TASK DETAILS
Filter the records below, keeping only lines with the string "Logo".

AVAILABLE DATA below:

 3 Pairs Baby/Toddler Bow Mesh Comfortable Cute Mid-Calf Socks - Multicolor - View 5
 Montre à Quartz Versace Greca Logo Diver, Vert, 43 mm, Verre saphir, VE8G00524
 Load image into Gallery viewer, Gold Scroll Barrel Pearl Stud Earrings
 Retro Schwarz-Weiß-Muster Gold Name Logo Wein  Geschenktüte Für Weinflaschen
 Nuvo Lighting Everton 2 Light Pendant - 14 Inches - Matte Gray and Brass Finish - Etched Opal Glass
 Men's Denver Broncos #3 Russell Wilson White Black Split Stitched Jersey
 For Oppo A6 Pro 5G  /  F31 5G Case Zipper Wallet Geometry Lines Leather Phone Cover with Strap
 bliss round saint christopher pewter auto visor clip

End of AVAILABLE DATA.
AVAILABLE DATA below:

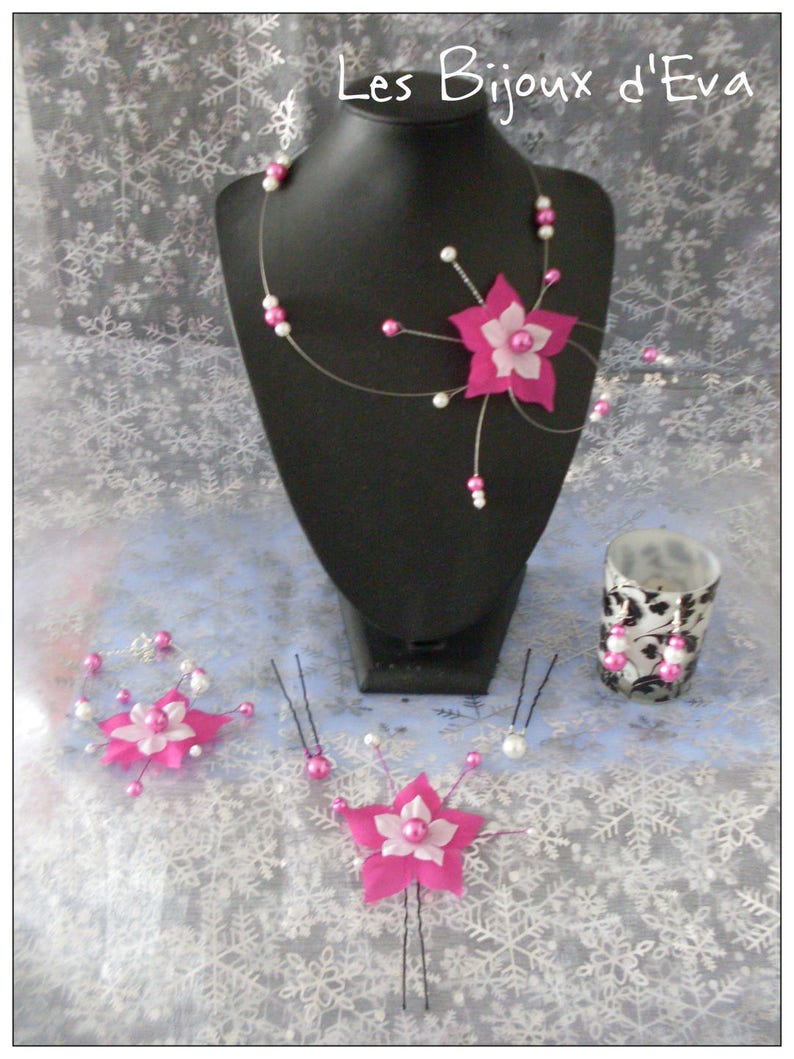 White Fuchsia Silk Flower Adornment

End of AVAILABLE DATA.

ANSWER TO THE PROBLEM
 Montre à Quartz Versace Greca Logo Diver, Vert, 43 mm, Verre saphir, VE8G00524
 Retro Schwarz-Weiß-Muster Gold Name Logo Wein  Geschenktüte Für Weinflaschen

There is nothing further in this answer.